Nikolić Jelena, Perić Zoran, Aleksić Danijela, Tomić Stefan, Jovanović Aleksandra
Faculty of Electronic Engineering, University of Nis, Aleksandra Medvedeva 14, 18000 Nis, Serbia.
Department of Mobile Network Nis, Telekom Srbija, Vozdova 11, 18000 Nis, Serbia.
Entropy (Basel). 2021 Dec 20;23(12):1699. doi: 10.3390/e23121699.

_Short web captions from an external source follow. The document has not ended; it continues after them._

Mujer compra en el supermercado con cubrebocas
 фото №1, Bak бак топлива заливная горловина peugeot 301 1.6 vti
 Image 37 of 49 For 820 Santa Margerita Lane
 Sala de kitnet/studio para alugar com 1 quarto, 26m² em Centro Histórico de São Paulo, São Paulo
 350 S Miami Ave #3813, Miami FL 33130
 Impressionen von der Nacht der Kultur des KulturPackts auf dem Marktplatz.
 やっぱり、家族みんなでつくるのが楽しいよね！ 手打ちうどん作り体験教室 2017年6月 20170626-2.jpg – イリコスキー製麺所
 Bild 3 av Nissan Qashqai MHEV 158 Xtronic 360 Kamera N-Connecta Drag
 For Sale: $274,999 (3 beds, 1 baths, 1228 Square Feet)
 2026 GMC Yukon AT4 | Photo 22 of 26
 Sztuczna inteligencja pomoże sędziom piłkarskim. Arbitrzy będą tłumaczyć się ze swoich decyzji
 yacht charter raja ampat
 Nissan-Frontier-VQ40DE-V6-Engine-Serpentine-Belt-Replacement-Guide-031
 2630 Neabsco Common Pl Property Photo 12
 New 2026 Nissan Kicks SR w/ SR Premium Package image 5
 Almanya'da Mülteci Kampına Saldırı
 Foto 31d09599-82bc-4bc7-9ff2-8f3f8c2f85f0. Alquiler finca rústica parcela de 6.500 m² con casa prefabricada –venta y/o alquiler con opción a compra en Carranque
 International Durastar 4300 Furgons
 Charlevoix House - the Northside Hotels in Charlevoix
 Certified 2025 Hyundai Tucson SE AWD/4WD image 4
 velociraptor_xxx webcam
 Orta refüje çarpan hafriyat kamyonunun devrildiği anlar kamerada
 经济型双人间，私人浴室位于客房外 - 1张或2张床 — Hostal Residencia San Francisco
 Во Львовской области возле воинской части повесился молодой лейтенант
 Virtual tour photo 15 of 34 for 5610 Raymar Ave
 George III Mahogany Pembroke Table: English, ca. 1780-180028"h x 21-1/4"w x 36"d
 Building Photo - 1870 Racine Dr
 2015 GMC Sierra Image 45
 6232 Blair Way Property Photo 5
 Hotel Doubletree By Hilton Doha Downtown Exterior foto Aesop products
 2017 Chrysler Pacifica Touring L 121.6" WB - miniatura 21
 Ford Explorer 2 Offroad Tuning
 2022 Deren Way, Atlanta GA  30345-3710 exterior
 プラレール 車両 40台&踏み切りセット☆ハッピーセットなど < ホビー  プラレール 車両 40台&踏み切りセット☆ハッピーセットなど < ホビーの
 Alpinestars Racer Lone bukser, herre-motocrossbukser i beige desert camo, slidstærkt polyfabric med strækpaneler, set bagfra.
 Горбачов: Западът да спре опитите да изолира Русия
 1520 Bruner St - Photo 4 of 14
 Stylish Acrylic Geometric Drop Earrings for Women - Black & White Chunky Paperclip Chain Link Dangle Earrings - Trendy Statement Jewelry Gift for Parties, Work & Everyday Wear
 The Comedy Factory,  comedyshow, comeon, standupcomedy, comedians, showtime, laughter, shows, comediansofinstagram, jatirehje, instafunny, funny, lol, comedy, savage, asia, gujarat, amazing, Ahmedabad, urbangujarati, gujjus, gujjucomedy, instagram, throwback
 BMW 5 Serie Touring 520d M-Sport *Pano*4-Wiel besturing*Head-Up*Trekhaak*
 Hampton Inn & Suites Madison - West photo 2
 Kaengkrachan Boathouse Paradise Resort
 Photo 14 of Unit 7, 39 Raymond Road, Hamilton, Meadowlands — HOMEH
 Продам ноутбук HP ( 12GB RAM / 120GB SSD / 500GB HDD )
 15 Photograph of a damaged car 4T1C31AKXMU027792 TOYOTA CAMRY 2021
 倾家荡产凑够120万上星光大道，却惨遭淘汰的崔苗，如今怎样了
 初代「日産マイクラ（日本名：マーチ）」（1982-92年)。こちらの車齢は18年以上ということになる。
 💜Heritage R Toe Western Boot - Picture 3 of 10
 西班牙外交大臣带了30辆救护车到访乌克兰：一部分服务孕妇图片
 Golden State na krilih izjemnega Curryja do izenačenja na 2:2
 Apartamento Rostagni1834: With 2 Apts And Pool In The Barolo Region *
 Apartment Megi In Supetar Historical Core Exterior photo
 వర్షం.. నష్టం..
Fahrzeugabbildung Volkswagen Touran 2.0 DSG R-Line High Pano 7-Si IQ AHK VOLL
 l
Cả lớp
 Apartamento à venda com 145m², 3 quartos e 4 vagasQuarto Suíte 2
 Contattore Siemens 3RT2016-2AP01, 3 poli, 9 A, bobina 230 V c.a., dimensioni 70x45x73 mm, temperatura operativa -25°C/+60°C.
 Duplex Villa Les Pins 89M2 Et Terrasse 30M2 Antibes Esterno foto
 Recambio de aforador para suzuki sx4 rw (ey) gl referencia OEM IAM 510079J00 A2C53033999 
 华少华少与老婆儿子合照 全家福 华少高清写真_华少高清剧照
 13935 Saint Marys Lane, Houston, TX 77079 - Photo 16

Driven by the need for the compression of weights in neural networks (NNs), which is especially beneficial for edge devices with a constrained resource, and by the need to utilize the simplest possible quantization model, in this paper, we study the performance of three-bit post-training uniform quantization. The goal is to put various choices of the key parameter of the quantizer in question (support region threshold) in one place and provide a detailed overview of this choice's impact on the performance of post-training quantization for the MNIST dataset. Specifically, we analyze whether it is possible to preserve the accuracy of the two NN models (MLP and CNN) to a great extent with the very simple three-bit uniform quantizer, regardless of the choice of the key parameter. Moreover, our goal is to answer the question of whether it is of the utmost importance in post-training three-bit uniform quantization, as it is in quantization, to determine the optimal support region threshold value of the quantizer to achieve some predefined accuracy of the quantized neural network (QNN). The results show that the choice of the support region threshold value of the three-bit uniform quantizer does not have such a strong impact on the accuracy of the QNNs, which is not the case with two-bit uniform post-training quantization, when applied in MLP for the same classification task. Accordingly, one can anticipate that due to this special property, the post-training quantization model in question can be greatly exploited.
受神经网络(NNs)中权重压缩需求的驱动,这对资源受限的边缘设备尤为有益,同时也受使用尽可能简单的量化模型的需求驱动,在本文中,我们研究了三位训练后均匀量化的性能。目标是将量化器关键参数(支持区域阈值)的各种选择集中在一起,并详细概述这种选择对MNIST数据集训练后量化性能的影响。具体而言,我们分析了使用非常简单的三位均匀量化器,无论关键参数如何选择,是否有可能在很大程度上保持两个NN模型(多层感知器和卷积神经网络)的准确性。此外,我们的目标是回答在训练后三位均匀量化中,确定量化器的最佳支持区域阈值以实现量化神经网络(QNN)的某些预定义准确性是否与量化中一样至关重要的问题。结果表明,三位均匀量化器的支持区域阈值选择对QNN的准确性没有如此强烈的影响,而在相同分类任务中应用于多层感知器的两位均匀训练后量化则并非如此。因此,可以预期,由于这种特殊性质,所讨论的训练后量化模型可以得到极大利用。